Now, thanks to Berz, I know that I will be using a Dutch auction style to sell my house one day.
#3. Getting to Yes
Getting to Yes is a classic and one of the biggest negotiation best seller books.
And for good reasons.
Two of its main negotiation takeaways are:
- Developing alternatives (BATNA method)
- Focus on interests and not positions
There is one more key concept, which I recommend that you make your new mantra for negotiations:
Be hard on problems and soft on people
#2. Secrets of Power Negotiations
What’s special about our N.1 best negotiation books?
It’s that it’s raw, crude, amoral… Just what you need to teach you what the real sharks and wolves do.
This isn’t about “seek win-win”, Dawson tells you how the as*holes and the power negotiators actually behave.
And you need that tough love to protect yourself -and to attack back-.

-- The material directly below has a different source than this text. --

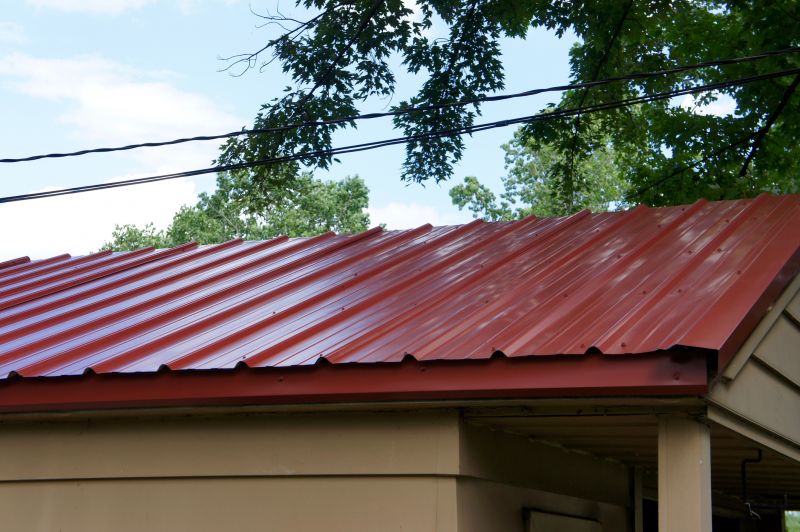 Aluminum Roof Installation in Forsyth County, GA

You will learn techniques and power moves such “good cop/bad cop”, “higher authority”, “the flinch” and all other power moves that the biggest sharks out there use.
I have listed some of these same techniques (and more) on this post here:
Personally, I can’t believe what an under-appreciated and underrated book this pearl on negotiation power moves actually is.
#1. Negotiation Genius
Simply the best overview of negotiation I have read.
Deepak Malhotra well represents the philosophy of this website as well: seek win-win in a way that maximizes value and enlarges the pie for all, but don’t be naive about it.
Such as, learn about power dynamics, learn about manipulations, and be prepared for the obvious fact of life that not all negotiations or negotiators are good for win-win deals.